2. What made you decide to go there? I worked as a long-term volunteer for Witness for Peace in Southern Mexico and Guatemala. Originally I had hoped to work in Nicaragua but after an 11-page single-spaced application, a three-hour bilingual interview and a three-week in-country training, I was accepted for the Guatemalan refugee program and then told I was going to be working in Chiapas. This was in the summer of 1993, six months before the Zapatista uprising. Chiapas was considered a cush and kind of slow location to be.
3. Did you have to lie to enter the country?
4. Were you/are you legal? Plan on becoming so?

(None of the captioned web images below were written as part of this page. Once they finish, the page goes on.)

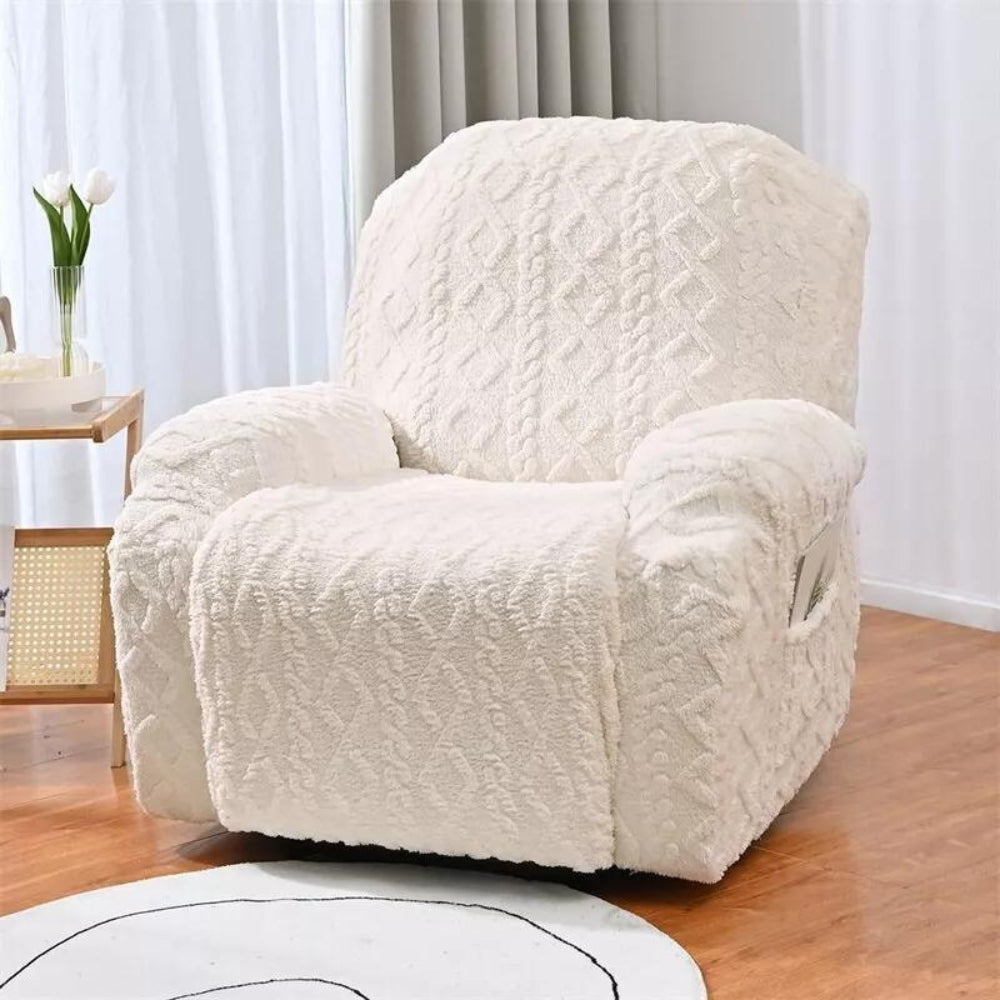 Contemporary Recliner Cover - Flexible Fabric Protection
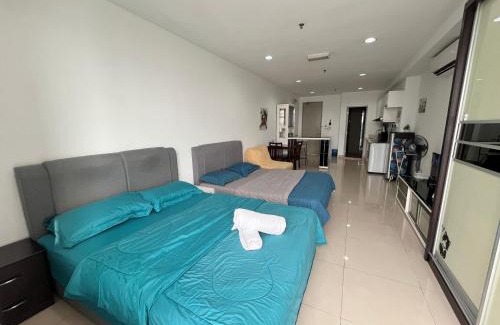 Subang Jaya Apartment | #21 Studio First Subang Mall SS15 Courtyard-2mins to SS15 LRT !2-5PAX!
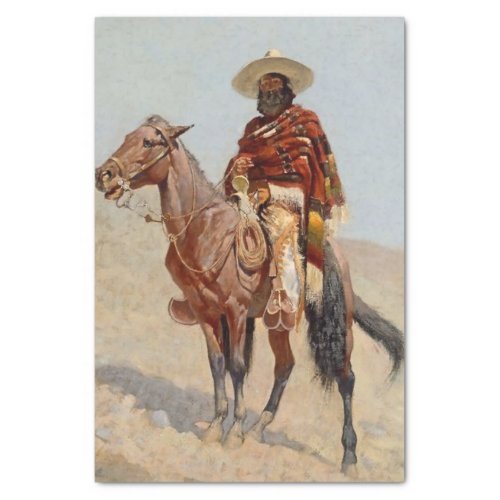 Mexican Vaquero Horseman by Frederick Remington Tissue Paper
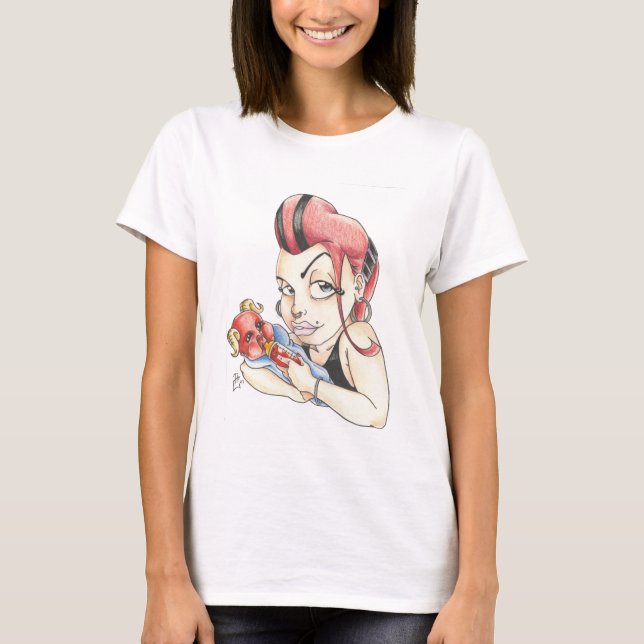 Psychobilly Mama T-Shirt (Front)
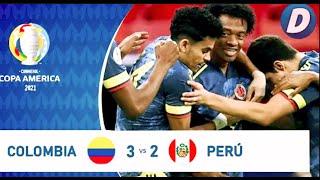 Colombia VS Perú  Resumen y Goles (3-2) {2021}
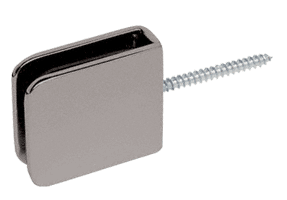 Brushed Pewter Traditional Movable Wall Mounted Transom Glass Clamp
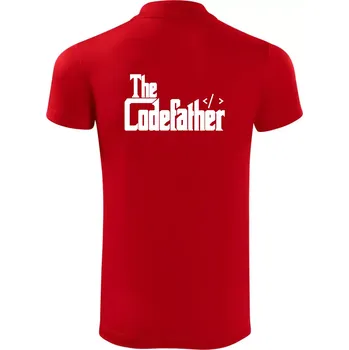 Pánská košile The codefather - Polokošile Victory sportovní (dresovina) - XL ( Červená )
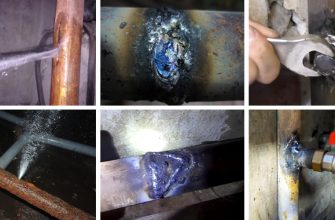 Sådan svejses et rør med vand.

5. How did you/do you make money? Did you go there with a job or have to find
one? In Mexico I had a stipend and free rent and travel and food and travel back to the states after a year. Our job was basically to accompany the refugees back to the areas they were chased out of by the Guatemalan military in the 80s. So on the Mexico side, we would travel around the camps and get to know the various organizations and refugees. We also hosted delegations of (North) Americans who came down during, just before or after returns. The idea was based on the organization's experience in Nicaragua, where if groups of Americans showed up in a village, the US-funded contras would not attack them. Basically using the Latin American murder maxim of 1 American = 10 priests = 100 peasants against the fascist forces who were not ready for peace.
6. Was housing easy/difficult?
7. Was the language a problem? The peasant Spanish of Guatemalans took some getting used to. Strange words like chompipe (turkey), colocho (curly-haired), chuchito (puppy) were a few. But once you get the vocab and weird peasant grammar down, they speak slowly and are easier to understand the expression-filled crystal-meth Spain Spanish or Caribbean Spanish speakers. Mexico has its own insane expressions and I feel like I'd have to live there 50 years to be able to understand their fast-paced verbal jokiness. I'd fake it a bit and get their attention. If you can do weird faces and physical humor along with key expressions, man you are in. Most of the refugees I worked with spoke one of a number of Mayan languages, the most common being Quiché, Kekchi, Mam, Jacalteco, and about 20 others. Some are intelligible to each other and some are as different as Russian and Sanskrit. Most of the men spoke Spanish but lots of the women spoke only their indigenous languages. And when we visited villages, the men were working in the fields most of the day so we'd have the children and women to talk with. Xijonte (shee-hone-tay) means Thanks in the Mam language. The response is Xijonte a Dios. Thanks to God.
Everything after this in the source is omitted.